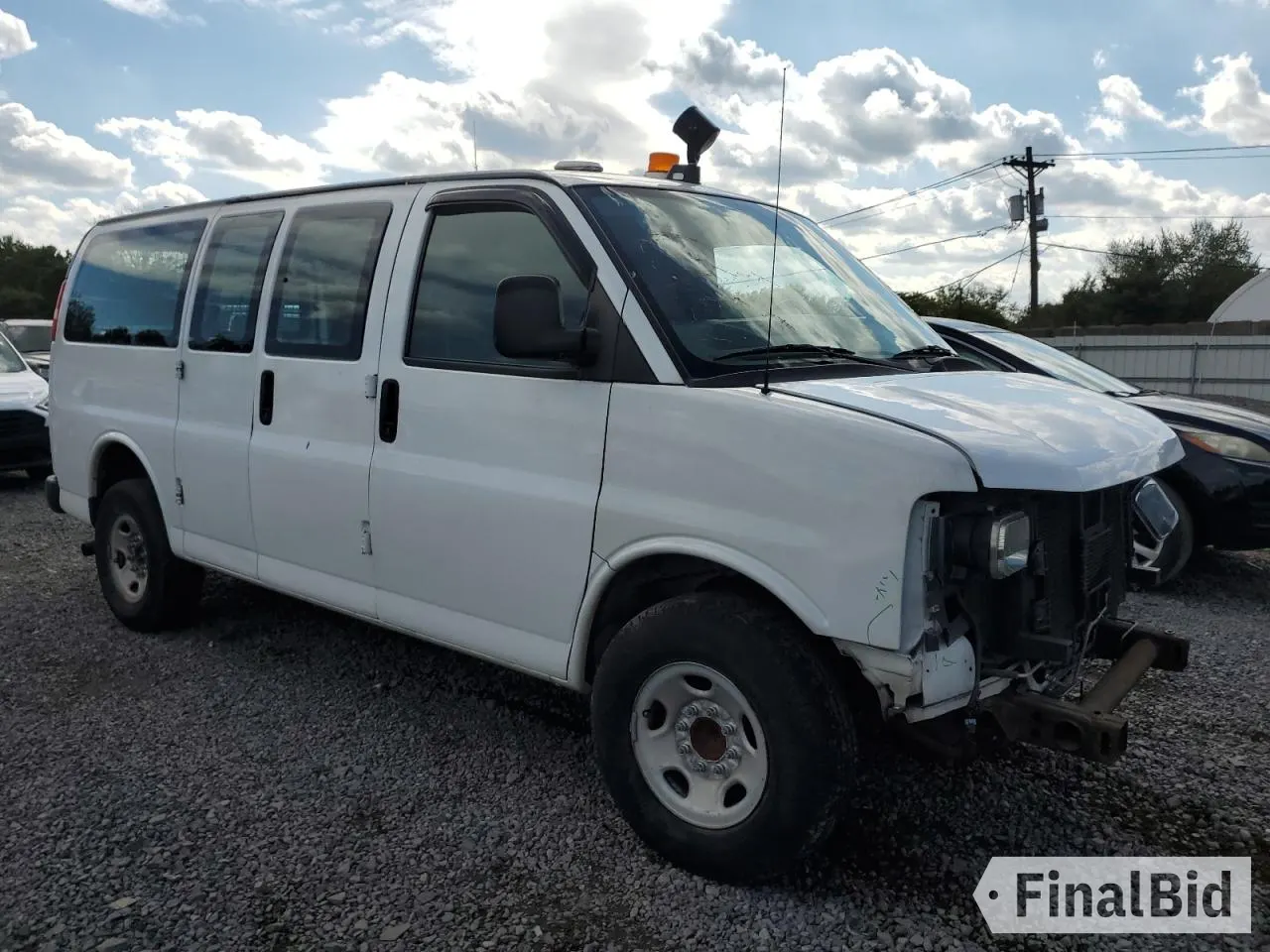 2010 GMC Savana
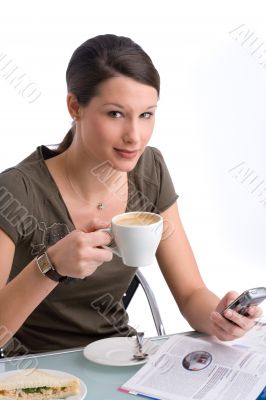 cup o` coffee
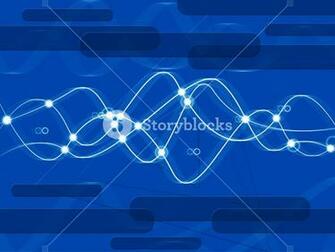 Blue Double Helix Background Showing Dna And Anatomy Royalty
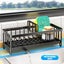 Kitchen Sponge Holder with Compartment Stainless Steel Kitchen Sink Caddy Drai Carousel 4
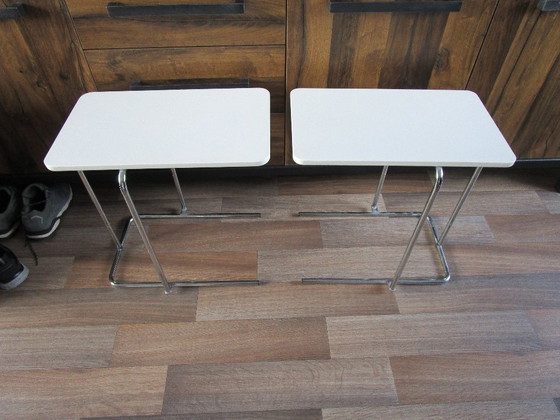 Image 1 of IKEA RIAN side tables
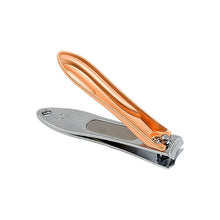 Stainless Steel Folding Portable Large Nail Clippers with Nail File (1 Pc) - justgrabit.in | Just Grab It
= = = = =
▶ [WHAT YOU HAVE TO DO]: Using the records above, extract exactly and only the lines from the one with "Image 1 of IKEA RIAN side tables" through the final line, inclusive, leaving out pictures.

▶ [SOLUTION FOR THIS EXERCISE]:
 Image 1 of IKEA RIAN side tables
 Stainless Steel Folding Portable Large Nail Clippers with Nail File (1 Pc) - justgrabit.in | Just Grab It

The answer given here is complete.